What’s going on, Eric?

David Renton

  • Walls Come Tumbling Down: The Music and Politics of Rock Against Racism, 2 Tone and Red Wedge by Daniel Rachel
    Picador, 589 pp, £12.99, May 2017, ISBN 978 1 4472 7268 7

In May 1976, two families of Asian immigrants from Malawi – UK passport-holders – were put up in a hotel while social workers decided what to do with their children. The Sun ran it as a front page story: ‘Scandal of £600 a week Asians’. The Mirror followed up by condemning a ‘New Flood of Asians into Britain’. The Express warned that 145,000 further migrants might follow. Supporters of the National Front rushed to Gatwick to chant: ‘Don’t unpack, you must go back.’ In local elections on 6 May (the same day as the Mirror’s story), the Front’s 168 candidates secured an average vote of 8.9 per cent.

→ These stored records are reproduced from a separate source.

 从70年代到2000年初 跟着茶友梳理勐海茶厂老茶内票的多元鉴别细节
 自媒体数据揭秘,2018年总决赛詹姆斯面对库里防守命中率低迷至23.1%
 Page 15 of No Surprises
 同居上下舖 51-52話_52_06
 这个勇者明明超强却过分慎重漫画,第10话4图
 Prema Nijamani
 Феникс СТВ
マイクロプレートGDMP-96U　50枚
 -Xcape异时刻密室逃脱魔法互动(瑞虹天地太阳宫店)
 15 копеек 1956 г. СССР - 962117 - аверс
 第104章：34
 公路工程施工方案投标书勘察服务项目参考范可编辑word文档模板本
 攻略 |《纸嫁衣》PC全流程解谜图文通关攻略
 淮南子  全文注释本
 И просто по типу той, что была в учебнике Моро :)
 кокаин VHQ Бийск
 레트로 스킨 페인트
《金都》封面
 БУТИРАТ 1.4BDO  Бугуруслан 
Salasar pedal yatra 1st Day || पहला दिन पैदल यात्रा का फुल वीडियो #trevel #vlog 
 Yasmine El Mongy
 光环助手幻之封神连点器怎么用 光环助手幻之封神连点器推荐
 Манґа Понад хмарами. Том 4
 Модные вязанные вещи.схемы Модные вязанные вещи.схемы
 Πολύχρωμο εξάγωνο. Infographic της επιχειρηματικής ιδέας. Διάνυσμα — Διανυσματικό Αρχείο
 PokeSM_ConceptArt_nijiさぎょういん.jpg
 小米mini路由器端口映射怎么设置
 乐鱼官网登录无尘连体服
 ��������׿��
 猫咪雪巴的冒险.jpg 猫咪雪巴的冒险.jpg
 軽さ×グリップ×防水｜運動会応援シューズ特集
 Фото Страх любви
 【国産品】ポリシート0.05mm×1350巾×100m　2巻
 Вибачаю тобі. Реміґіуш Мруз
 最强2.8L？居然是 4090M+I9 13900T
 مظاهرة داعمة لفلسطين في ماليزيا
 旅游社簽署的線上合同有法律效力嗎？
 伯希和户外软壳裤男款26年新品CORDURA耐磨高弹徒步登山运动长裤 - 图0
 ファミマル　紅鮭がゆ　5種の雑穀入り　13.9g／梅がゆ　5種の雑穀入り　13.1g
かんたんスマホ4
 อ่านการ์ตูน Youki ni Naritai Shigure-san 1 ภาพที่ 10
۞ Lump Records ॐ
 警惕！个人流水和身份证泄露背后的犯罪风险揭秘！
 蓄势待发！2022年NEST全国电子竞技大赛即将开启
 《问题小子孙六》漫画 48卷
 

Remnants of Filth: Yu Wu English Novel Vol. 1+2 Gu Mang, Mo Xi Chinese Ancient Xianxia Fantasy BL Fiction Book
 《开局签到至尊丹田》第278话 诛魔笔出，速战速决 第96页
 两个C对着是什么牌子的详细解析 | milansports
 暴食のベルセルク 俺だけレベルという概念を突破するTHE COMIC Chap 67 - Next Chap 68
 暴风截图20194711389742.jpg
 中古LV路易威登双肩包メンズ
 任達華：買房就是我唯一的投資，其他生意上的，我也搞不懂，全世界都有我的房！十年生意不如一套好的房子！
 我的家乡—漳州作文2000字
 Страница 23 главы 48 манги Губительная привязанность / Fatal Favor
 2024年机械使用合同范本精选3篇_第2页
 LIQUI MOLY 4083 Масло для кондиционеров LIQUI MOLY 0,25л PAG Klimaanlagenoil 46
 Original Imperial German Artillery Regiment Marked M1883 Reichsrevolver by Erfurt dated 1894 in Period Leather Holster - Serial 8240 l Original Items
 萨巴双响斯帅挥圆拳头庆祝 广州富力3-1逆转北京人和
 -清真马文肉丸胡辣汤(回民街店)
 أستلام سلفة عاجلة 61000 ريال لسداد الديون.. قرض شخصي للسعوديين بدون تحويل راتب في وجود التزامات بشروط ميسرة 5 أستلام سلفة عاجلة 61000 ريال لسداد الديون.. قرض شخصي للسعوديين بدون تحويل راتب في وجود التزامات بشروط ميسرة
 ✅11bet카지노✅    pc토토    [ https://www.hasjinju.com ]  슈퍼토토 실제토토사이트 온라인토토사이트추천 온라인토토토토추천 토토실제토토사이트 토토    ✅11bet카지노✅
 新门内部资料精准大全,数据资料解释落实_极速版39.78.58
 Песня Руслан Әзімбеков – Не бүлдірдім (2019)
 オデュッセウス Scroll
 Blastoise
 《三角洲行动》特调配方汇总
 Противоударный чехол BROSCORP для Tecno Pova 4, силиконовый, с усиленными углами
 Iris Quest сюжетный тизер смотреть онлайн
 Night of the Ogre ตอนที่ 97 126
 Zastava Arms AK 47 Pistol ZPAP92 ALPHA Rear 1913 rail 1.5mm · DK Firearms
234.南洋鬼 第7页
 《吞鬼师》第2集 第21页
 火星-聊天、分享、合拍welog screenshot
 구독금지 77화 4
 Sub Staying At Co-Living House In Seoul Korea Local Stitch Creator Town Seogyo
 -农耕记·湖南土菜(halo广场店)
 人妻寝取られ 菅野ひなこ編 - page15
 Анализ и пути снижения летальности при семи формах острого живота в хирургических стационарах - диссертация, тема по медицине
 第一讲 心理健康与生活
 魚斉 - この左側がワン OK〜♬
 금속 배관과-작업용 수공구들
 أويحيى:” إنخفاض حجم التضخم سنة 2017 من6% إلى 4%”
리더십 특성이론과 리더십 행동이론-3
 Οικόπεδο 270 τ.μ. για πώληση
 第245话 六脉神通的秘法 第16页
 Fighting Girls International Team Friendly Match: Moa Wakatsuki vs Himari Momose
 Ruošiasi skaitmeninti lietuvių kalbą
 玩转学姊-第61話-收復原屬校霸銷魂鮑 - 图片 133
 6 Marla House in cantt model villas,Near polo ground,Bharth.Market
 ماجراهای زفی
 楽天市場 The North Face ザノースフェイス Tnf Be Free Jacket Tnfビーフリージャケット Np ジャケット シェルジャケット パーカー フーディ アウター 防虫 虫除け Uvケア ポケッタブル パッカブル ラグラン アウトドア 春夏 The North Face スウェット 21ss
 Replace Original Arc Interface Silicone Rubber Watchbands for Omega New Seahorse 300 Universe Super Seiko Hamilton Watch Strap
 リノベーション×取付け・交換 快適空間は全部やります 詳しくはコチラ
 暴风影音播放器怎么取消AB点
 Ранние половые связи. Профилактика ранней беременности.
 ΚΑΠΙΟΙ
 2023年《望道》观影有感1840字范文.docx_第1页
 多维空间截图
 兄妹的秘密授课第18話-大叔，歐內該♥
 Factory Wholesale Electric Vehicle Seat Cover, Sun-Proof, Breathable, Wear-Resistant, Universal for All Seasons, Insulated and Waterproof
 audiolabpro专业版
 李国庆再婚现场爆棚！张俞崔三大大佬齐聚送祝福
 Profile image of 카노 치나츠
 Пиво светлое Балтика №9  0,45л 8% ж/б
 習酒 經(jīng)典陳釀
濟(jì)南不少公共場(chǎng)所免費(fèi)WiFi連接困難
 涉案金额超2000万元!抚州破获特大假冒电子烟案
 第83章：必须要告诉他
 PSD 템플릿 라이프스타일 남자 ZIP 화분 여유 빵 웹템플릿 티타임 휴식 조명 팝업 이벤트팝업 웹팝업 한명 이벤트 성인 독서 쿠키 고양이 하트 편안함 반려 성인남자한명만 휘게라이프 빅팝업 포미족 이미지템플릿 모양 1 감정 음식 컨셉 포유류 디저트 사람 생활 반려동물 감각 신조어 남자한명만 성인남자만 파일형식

During a Commons debate in July, John Stokes, the Conservative MP for Halesowen and Stourbridge, a former admirer of General Franco and a supporter of the Monday Club, pointed to the growing constituency for the National Front and insisted that ‘a date must soon be fixed beyond which no further immigration can be allowed. The young immigrants who have just come here will have to return to their homelands and their families.’